If all items score similarly, the risk assessments need more depth.
Review for bias after scoring, before acting.

Canvas Output

Update

canvas/opportunities.yml

— write

four_risks

and

ice_score

per solution leaf. Update

canvas/gist.yml

with idea ICE scores and confidence levels.

Theory Citations

Ellis: ICE scoring (Impact × Confidence × Ease — Sean Ellis invented the ICE framework as part of growth methodology)
Gilad: Evidence-Guided (Confidence Meter — the evidence-grading layer on top of Ellis's ICE, mapping evidence types to confidence levels)
Torres: Continuous Discovery Habits (OST leaves as unit of evaluation)
Torres: Product Trio (three perspectives feeding risk assessment)
Cagan: Inspired (Four Risks as structured evaluation)
Kahneman: Thinking, Fast and Slow (bias in estimation)
Kahneman, Sibony & Sunstein: Noise (2021) — unwanted variability in judgment (see Noise Check below)

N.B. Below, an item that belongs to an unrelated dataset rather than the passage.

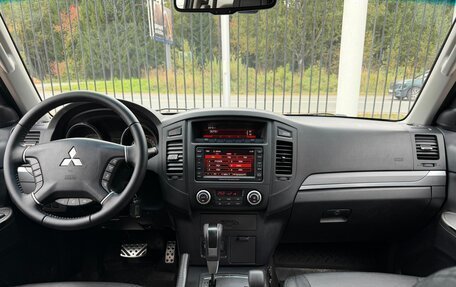Mitsubishi Pajero IV, 2011 год, 1 899 000 рублей, 10 фотография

Noise Check (Kahneman, Sibony & Sunstein, 2021)

ICE scores are susceptible to noise — unwanted variability where different sessions or assessors produce different scores for the same evidence. Unlike bias (systematic skew in one direction), noise is random scatter.

Detection: Re-score the same evidence independently (different session or assessor) and compare. If scores diverge by >1 point on any dimension, investigate why before proceeding.

Mitigation: Use structured assessment criteria (the Four Risks inputs above), apply scores independently before discussion, and anchor to evidence types rather than gut feel.

Noise audit procedure: Score the same evidence independently twice (different session or different assessor). If ICE scores diverge by >1 point on any dimension, the gap is noise — investigate the scoring criteria before proceeding. For solo developers: re-score after a 24h break to detect temporal noise.